WHAT YOU ARE ASKED TO DO: Output all of the records exactly as written.

MATERIAL PROVIDED Block Start

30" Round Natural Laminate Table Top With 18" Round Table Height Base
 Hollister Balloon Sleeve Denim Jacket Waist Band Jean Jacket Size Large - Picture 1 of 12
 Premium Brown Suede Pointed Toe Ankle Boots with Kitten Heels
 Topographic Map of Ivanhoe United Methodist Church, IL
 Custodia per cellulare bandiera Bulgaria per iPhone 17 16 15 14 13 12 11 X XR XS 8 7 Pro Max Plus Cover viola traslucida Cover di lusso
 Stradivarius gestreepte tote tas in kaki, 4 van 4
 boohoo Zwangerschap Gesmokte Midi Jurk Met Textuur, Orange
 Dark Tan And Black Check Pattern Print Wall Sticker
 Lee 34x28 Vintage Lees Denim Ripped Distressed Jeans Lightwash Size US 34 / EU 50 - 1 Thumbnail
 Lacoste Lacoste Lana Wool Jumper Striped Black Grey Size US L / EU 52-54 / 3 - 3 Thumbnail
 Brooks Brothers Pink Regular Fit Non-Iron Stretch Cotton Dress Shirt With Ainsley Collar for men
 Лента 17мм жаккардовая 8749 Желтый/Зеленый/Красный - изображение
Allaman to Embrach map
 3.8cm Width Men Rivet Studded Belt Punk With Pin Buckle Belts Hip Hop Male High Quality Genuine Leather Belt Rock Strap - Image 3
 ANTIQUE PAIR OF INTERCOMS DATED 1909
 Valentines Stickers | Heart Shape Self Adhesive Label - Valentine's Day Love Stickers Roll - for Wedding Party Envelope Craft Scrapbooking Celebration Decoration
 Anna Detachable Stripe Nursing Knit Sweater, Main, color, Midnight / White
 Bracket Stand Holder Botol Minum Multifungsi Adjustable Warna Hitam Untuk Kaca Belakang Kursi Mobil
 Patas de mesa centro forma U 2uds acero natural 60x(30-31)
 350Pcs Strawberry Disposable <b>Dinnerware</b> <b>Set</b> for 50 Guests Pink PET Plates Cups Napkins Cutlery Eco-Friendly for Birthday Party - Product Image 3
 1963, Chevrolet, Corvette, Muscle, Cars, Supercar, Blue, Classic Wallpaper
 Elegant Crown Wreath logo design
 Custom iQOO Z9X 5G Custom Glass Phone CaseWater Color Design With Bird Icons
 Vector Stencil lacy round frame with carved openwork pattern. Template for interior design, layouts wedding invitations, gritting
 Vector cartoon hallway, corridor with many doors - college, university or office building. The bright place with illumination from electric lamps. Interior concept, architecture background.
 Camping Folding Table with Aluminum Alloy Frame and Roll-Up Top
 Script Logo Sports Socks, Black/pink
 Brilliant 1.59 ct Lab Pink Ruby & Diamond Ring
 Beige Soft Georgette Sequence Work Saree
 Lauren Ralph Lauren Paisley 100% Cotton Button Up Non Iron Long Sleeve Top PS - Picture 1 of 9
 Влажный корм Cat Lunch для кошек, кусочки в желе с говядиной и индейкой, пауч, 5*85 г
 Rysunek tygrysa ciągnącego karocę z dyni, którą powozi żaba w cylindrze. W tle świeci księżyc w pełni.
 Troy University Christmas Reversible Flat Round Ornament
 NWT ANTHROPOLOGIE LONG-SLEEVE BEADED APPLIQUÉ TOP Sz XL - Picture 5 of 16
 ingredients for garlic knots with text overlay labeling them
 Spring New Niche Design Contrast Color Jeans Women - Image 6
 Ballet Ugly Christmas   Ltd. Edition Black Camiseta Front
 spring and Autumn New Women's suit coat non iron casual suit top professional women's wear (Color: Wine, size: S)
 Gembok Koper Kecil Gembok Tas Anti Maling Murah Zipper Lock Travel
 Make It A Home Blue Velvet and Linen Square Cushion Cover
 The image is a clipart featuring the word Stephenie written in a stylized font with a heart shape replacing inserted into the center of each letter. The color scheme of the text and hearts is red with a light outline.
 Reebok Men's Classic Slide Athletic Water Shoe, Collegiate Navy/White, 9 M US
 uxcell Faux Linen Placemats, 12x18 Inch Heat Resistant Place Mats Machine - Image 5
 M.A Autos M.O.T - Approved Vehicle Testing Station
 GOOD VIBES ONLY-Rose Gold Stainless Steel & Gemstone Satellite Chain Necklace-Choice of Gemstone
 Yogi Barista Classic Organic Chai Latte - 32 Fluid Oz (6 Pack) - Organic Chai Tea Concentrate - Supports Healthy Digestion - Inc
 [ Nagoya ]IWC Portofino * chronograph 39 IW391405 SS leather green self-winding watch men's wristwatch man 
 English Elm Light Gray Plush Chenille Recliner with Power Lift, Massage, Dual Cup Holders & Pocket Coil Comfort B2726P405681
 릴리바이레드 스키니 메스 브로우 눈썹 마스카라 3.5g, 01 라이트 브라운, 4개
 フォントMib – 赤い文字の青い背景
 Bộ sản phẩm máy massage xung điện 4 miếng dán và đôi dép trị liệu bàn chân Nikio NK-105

MATERIAL PROVIDED Block End

ANSWER AREA:
30" Round Natural Laminate Table Top With 18" Round Table Height Base
 Hollister Balloon Sleeve Denim Jacket Waist Band Jean Jacket Size Large - Picture 1 of 12
 Premium Brown Suede Pointed Toe Ankle Boots with Kitten Heels
 Topographic Map of Ivanhoe United Methodist Church, IL
 Custodia per cellulare bandiera Bulgaria per iPhone 17 16 15 14 13 12 11 X XR XS 8 7 Pro Max Plus Cover viola traslucida Cover di lusso
 Stradivarius gestreepte tote tas in kaki, 4 van 4
 boohoo Zwangerschap Gesmokte Midi Jurk Met Textuur, Orange
 Dark Tan And Black Check Pattern Print Wall Sticker
 Lee 34x28 Vintage Lees Denim Ripped Distressed Jeans Lightwash Size US 34 / EU 50 - 1 Thumbnail
 Lacoste Lacoste Lana Wool Jumper Striped Black Grey Size US L / EU 52-54 / 3 - 3 Thumbnail
 Brooks Brothers Pink Regular Fit Non-Iron Stretch Cotton Dress Shirt With Ainsley Collar for men
 Лента 17мм жаккардовая 8749 Желтый/Зеленый/Красный - изображение
Allaman to Embrach map
 3.8cm Width Men Rivet Studded Belt Punk With Pin Buckle Belts Hip Hop Male High Quality Genuine Leather Belt Rock Strap - Image 3
 ANTIQUE PAIR OF INTERCOMS DATED 1909
 Valentines Stickers | Heart Shape Self Adhesive Label - Valentine's Day Love Stickers Roll - for Wedding Party Envelope Craft Scrapbooking Celebration Decoration
 Anna Detachable Stripe Nursing Knit Sweater, Main, color, Midnight / White
 Bracket Stand Holder Botol Minum Multifungsi Adjustable Warna Hitam Untuk Kaca Belakang Kursi Mobil
 Patas de mesa centro forma U 2uds acero natural 60x(30-31)
 350Pcs Strawberry Disposable <b>Dinnerware</b> <b>Set</b> for 50 Guests Pink PET Plates Cups Napkins Cutlery Eco-Friendly for Birthday Party - Product Image 3
 1963, Chevrolet, Corvette, Muscle, Cars, Supercar, Blue, Classic Wallpaper
 Elegant Crown Wreath logo design
 Custom iQOO Z9X 5G Custom Glass Phone CaseWater Color Design With Bird Icons
 Vector Stencil lacy round frame with carved openwork pattern. Template for interior design, layouts wedding invitations, gritting
 Vector cartoon hallway, corridor with many doors - college, university or office building. The bright place with illumination from electric lamps. Interior concept, architecture background.
 Camping Folding Table with Aluminum Alloy Frame and Roll-Up Top
 Script Logo Sports Socks, Black/pink
 Brilliant 1.59 ct Lab Pink Ruby & Diamond Ring
 Beige Soft Georgette Sequence Work Saree
 Lauren Ralph Lauren Paisley 100% Cotton Button Up Non Iron Long Sleeve Top PS - Picture 1 of 9
 Влажный корм Cat Lunch для кошек, кусочки в желе с говядиной и индейкой, пауч, 5*85 г
 Rysunek tygrysa ciągnącego karocę z dyni, którą powozi żaba w cylindrze. W tle świeci księżyc w pełni.
 Troy University Christmas Reversible Flat Round Ornament
 NWT ANTHROPOLOGIE LONG-SLEEVE BEADED APPLIQUÉ TOP Sz XL - Picture 5 of 16
 ingredients for garlic knots with text overlay labeling them
 Spring New Niche Design Contrast Color Jeans Women - Image 6
 Ballet Ugly Christmas   Ltd. Edition Black Camiseta Front
 spring and Autumn New Women's suit coat non iron casual suit top professional women's wear (Color: Wine, size: S)
 Gembok Koper Kecil Gembok Tas Anti Maling Murah Zipper Lock Travel
 Make It A Home Blue Velvet and Linen Square Cushion Cover
 The image is a clipart featuring the word Stephenie written in a stylized font with a heart shape replacing inserted into the center of each letter. The color scheme of the text and hearts is red with a light outline.
 Reebok Men's Classic Slide Athletic Water Shoe, Collegiate Navy/White, 9 M US
 uxcell Faux Linen Placemats, 12x18 Inch Heat Resistant Place Mats Machine - Image 5
 M.A Autos M.O.T - Approved Vehicle Testing Station
 GOOD VIBES ONLY-Rose Gold Stainless Steel & Gemstone Satellite Chain Necklace-Choice of Gemstone
 Yogi Barista Classic Organic Chai Latte - 32 Fluid Oz (6 Pack) - Organic Chai Tea Concentrate - Supports Healthy Digestion - Inc
 [ Nagoya ]IWC Portofino * chronograph 39 IW391405 SS leather green self-winding watch men's wristwatch man 
 English Elm Light Gray Plush Chenille Recliner with Power Lift, Massage, Dual Cup Holders & Pocket Coil Comfort B2726P405681
 릴리바이레드 스키니 메스 브로우 눈썹 마스카라 3.5g, 01 라이트 브라운, 4개
 フォントMib – 赤い文字の青い背景
 Bộ sản phẩm máy massage xung điện 4 miếng dán và đôi dép trị liệu bàn chân Nikio NK-105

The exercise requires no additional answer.